Most endorse the idea that one’s junior year is as academically challenging as it gets. The stress of the college search process and test prep, in conjunction with the already demanding aspects of school is ample enough for most students, but current senior Margaret Hart took on an even greater challenge. As BT students progressed through their first semester of the previous academic year, Margaret was hard at work in the nation’s capital serving as a Senate Page.
This unique process offers teens from all across the nation a vital role in the everyday workings of Congress and can be traced back to Senator Daniel Webster’s appointment of the first Senate Page in 1829. Senate page duties consist primarily of “being messengers for the delivery of correspondence and legislative material within the Congressional Complex”, as formally stated on the Senate Page Online Reference Page.
Margaret’s days remained consistent, so consistent that it was scheduled down to the very hour. The typically later start to the day, hours worth of school, and free time for extracurriculars students at BT often take for granted were no longer part of her life. A brief outline of her days followed this schedule:
5:10 am: Wake up
5:30 am: Seek help from teachers
6:00 am: Breakfast: (Margaret’s go-to consisted of an uncooked waffle and “coffee… lots of coffee!”)
6:15 am: Start of School
9:30 am: End of School. The Pages begin the 3-block walk to the Capitol Building
6:30 pm: The Pages arrive back at their dorms
11:00 pm: Lights Out
This schedule shows a tremendous difference from that of a typical Blessed Trinity school day. The eight hour days Margaret was accustomed to had reduced to around three, and subsequently so did her class load.
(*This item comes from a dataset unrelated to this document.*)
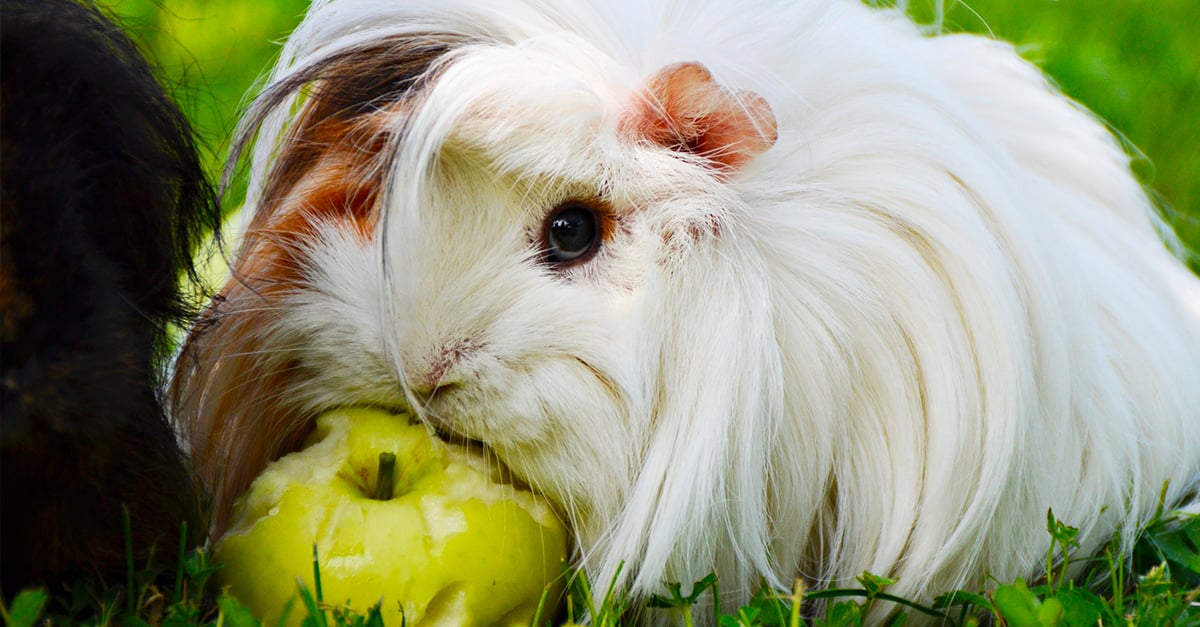 Vie D Un Cochon D Inde L'alimentation du cochon d'Inde : comment le nourrir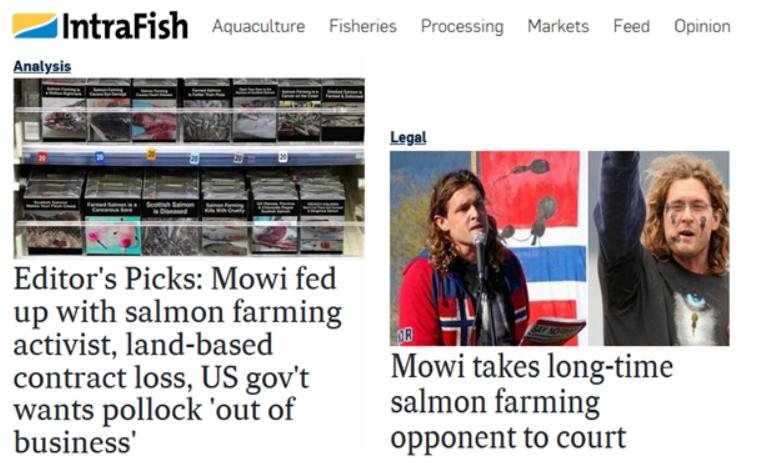 Intrafish 11 Oct 2021 Mowi fed up with activist taking brains to court #3 Intrafish 11 Oct 2021 Mowi fed up with activist taking brains to court #3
She explained, “We only took four classes. We took Math, Science, History, and English. That’s all we had time for”. This unique dynamic between school and work placed a greater emphasis on the Senate Page’s job in Congress and allowed more time for the students to participate in their congressional duties.
Margaret’s personal life endured major changes as well, from roommates to an 11:00 p.m. enforced bedtime, though nothing was as notable as the confiscation of all technology and internet reaching products.
Margaret explained this shocking elimination of what some would consider a vital part of our generation’s social experience, saying, “We weren’t allowed to have phones, that was one really interesting thing. When we first got to DC and checked into the dorms to move in, they took our phones and they locked him up in a safe!”
The Pages’ communication with their families back home took an even more amusing turn with Margaret’s revelation that “The only phone we had was in the closet. There was a wall phone like one that you actually pick up from the wall and it had a really long cord and that’s how I called people. But [the government] could listen to all your conversations so I could only really call my mom!”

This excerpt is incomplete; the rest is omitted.